FFIA - India

www.ffia.se
28 December 2022

India

Adoptions have been taking place since the 60s from India. During the 70s, some children came to Sweden privately and the rest through AC. One of the private routes was our Poona contact, when Eva Minton placed children with the help of SOFOSH and Dipika Maharaj Singh. That contact came to FFIA during the mid-80s.

The FFIA's first authorization in 1979 was for the Juvenile Court in Mumbai (Bombay). It was about children who were placed partly in state orphanages and partly in private orphanages, but who were responsibly sorted under the court. The court assigned us children who had been fully investigated and declared abandoned, usually foundlings.

FFIA received 90 children from the Juvenile Court during the years 1980 - 1985.

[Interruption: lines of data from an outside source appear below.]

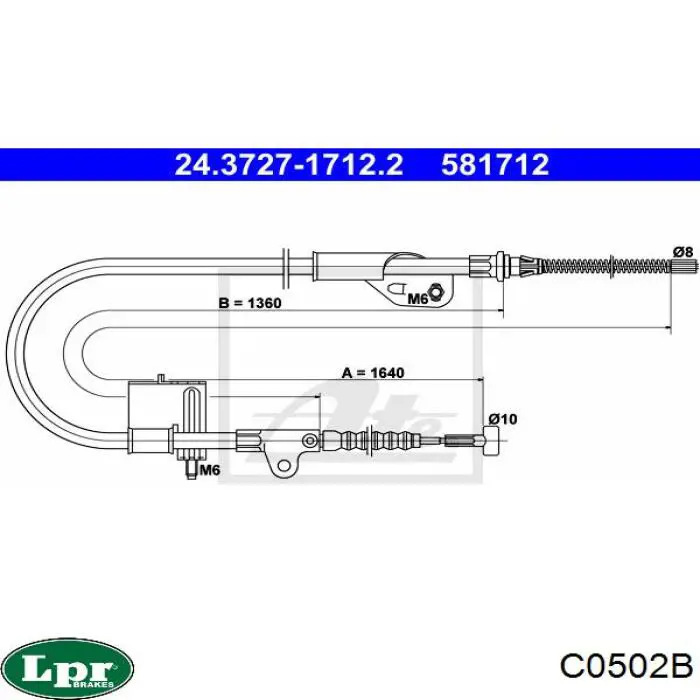 300147 Linex Трос ручного тормоза задний, правый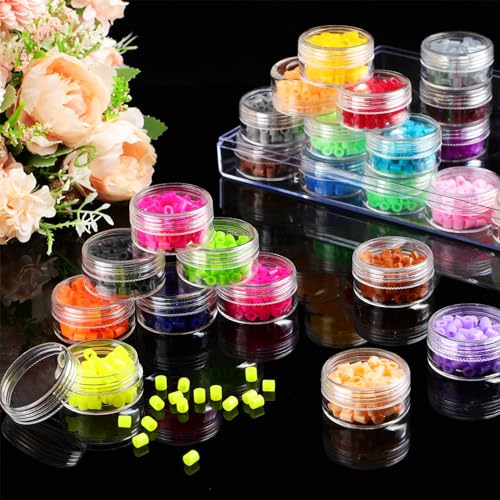 Image of Blulu Bead Container Lidded Small Box | Clear Plastic Jars for Diamond Painting Beads Jewelry Seeds Crafts, Organizer Case with Screw Top Lids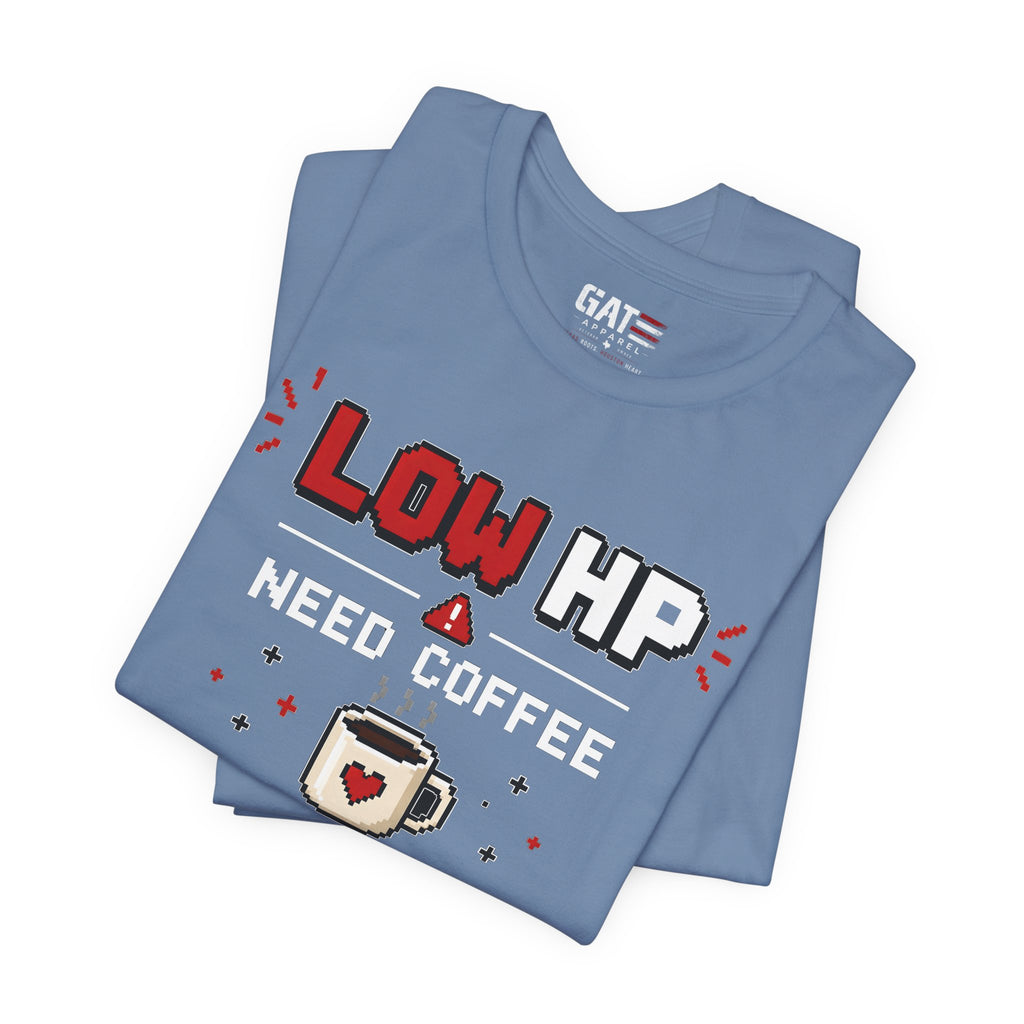 Funny Coffee Lover Shirt, Gamer Coffee Tee, Retro Pixel Art Shirt, Caffeine Addict Gift, Gaming T-Shirt
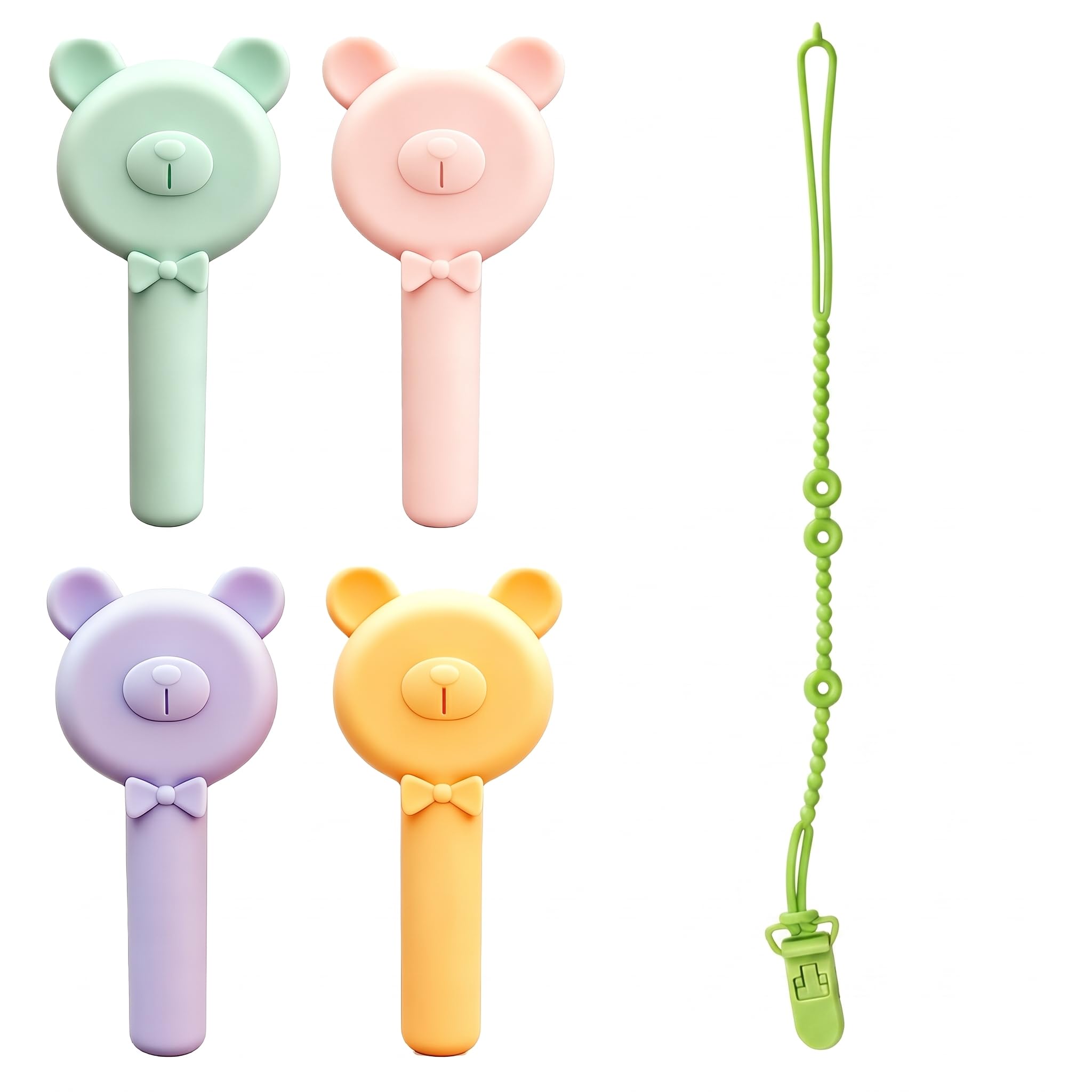 Professional Bear Chew Necklace Soothing Silicone, 4 Colors & Flavors, Teething Relief for Sensory Kids, Improve Concentration, Strengthen Oral and Facial Muscles(Include Silicone Anti-Loss Rope)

A judgment of the Supreme Court of India in 1985 changed and systematized the adoptions. It was regulated how the orphanages should handle children who were placed with them from the courts. After this time, children of this category came directly from the orphanages.

FFIA's contact network was gradually expanded during the 80s and 90s.

The general procedure in the 80s was for the organization to receive the date of birth and gender of the child and a very brief medical report. Concepts such as special needs did not exist, but the prospective adoptive families were prepared for the fact that the children could have hidden problems, such as Hepatitis B, hearing impairments, contact disorders, TB, etc. Many of the adoptive parents did not travel themselves and pick up the children, but were escorted to Sweden either by representatives of the orphanage, because organization or in some cases escort service from the airlines.

General demand that adoptive parents themselves should travel and pick up their children came during the late 90s.

Years of cooperation: 1980 - 2014

Total number of children from India: 797

Contact persons, representatives:

E. Raman Rao and his wife Mrudula Rao were representatives of FFIA 1980 - 1986 ( see history ) .

As new rules eventually prohibited foreign organizations from having representatives in India, the FFIA in recent years had no representative.